What more evidence do we need? Just in the past few years, we’ve seen whole communities nearly wiped off the map — Greenville, Paradise, Grizzly Flats.
How many more are we willing to sacrifice? We need to be fighting polluters, not bolstering them. And in so doing, freeing us once and for all from the grasp of petro-dictators. But this conversation can’t just be about oil supply. Daily life still demands too much fossil fuel. That too has to change. Underscoring the importance of accelerating California’s leadership in clean technology, this is not just a national security and an environmental justice imperative — clean energy is this generation's greatest economic opportunity.

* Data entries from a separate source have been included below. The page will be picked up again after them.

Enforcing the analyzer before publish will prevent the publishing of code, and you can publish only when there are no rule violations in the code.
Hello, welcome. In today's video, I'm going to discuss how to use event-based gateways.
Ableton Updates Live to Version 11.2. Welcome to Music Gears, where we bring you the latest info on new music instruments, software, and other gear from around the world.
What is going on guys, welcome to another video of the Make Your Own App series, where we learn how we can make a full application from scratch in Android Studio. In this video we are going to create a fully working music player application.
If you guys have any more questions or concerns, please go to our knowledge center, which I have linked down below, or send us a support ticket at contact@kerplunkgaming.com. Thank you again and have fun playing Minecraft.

A perfect example: our dominance in electric vehicle sales and manufacturing. It was California’s policies that created this market. Now, we have the opportunity to extend this leadership, to secure a critical component of the supply chain for batteries, by tapping one of the world’s largest lithium reserves right here in California. Our nation-leading climate investments — almost $38 billion — will ensure that other innovations will surely follow not by recreating the 20th century, by extracting more oil, but by extracting new ideas drilling for new talent by running our economy on a carbon-free engine.
On the state’s economy
When it comes to the economy, California is unmatched. We dominate in research, innovation, entrepreneurialism, venture capital and remain the world’s fifth largest economy. Our GDP growth has consistently outpaced not only the rest of the country, but most other large, western democracies. Nearly a million new jobs in the last 12 months. In December alone, 25% of America's jobs were created right here in California. More new business starts during the worst of the pandemic than Texas and Florida combined.
But you know what makes us different from those states besides the freedom of choice? It’s that as our businesses grow, we don’t leave our workers behind. Just consider what we did last year for the middle class, sending $12 billion back — the largest state tax rebate in American history. We didn’t stop there. We raised the minimum wage. We increased paid sick leave, provided more paid family leave. Expanded child care to help working parents. And this year, with your support, we will do something no other state in America has done — provide health for all, regardless of immigration status.